Digital Divide and Virtual Schooling

To borrow a line from Monty Python... "And now for something completely different!"

Getting off of this theme of how to fix public education for a bit, there was a article by Paul Lamb on CNet News.com on the digital divide (see http://news.com.com/No%20more%20digital%20divide...not/2010-1071_3-5730088.html). As is becoming more usual, I found this article from Darren's Teaching and Developing Online. Lamb's artile discusses how it may be easy to say that we have conqueored the digital divide when we look at statistics like these:
  • 67 percent of American adults and 87 percent of American teenagers now use the Internet (Pew Internet & American Life Project)
  • 96 percent of all children between ages 8 and 18 have been online at least once, and that number varies by only a few percentage points when broken down by ethnicity and family income (Henry J. Kaiser Family Foundation)

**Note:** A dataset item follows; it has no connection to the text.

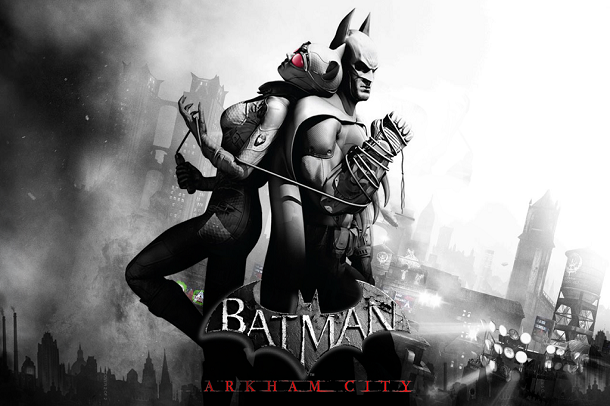 نوستالوژی: نقد و بررسی بازی Batman: Arkham City ؛ خفاش قهرمان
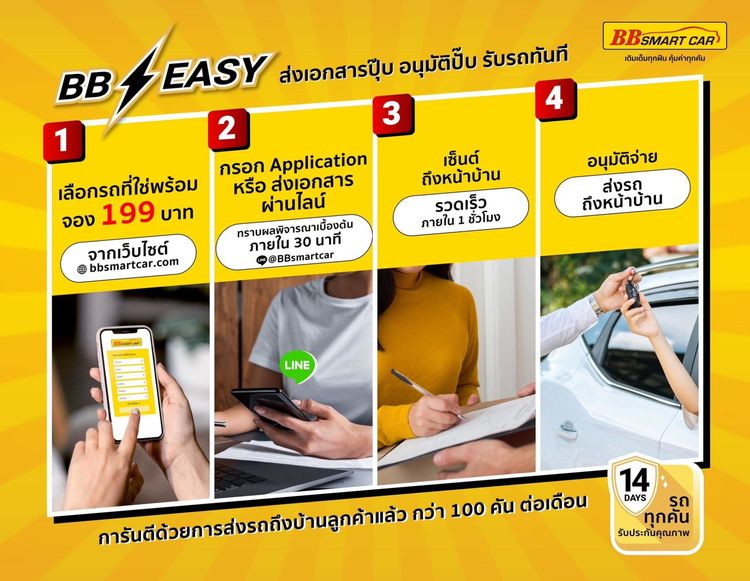 Isuzu MU-7 2008 3.0 Utility-car ดีเซล ไม่ติดแก๊ส เกียร์อัตโนมัติ เทา รูปที่ 3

However, Lamb argues that these figures are misleading. "For example, only 29 percent of school-age children in households with annual incomes of less than $15,000 use a home computer to complete school assignments. In comparison, 77 percent of children in households with incomes of $75,000 or more use a home computer to complete assignments. "

What implications does this have for virtual schooling? Many of the these children that live in households with an annual income of less than $15,000 are urban students who's schools don't offer many of the courses that virtual schools are pushing (such as AP), or they are students in rural areas who's schools simply don't offer the courses because of small class enrollment and qualified teacher issues. If only 29% of the students that we are hoping to target have access to a home computer, how does that affect their ability to be successful in the virtual school environment?

Is home computer accss essential? Helpful? Unnecessary? These are questions that teachers in virtual high schools must address when they are designing and delivering their courses. An online course is not like a traditional course where the student can take all of their books and materials home to work on them. If there is no computer in the home or they are without adequate Internet access, they simply can't work at home for the most part.

In Berge's and Clarke's book, Virtual schools: Planning for success, they describe how some virtual school provide free home computer set-ups or laptops on loan programs for their students. Unfortunately, the vast majority of these instances are the virtual charter schools, with virtual schools from the public education system not being able to cover the costs of such programs.

So, what does the reality of the digital divide mean for virtual schools? What does it means for virtual school teachers? What has your virtual school, or you as a teacher, done to account for this reality?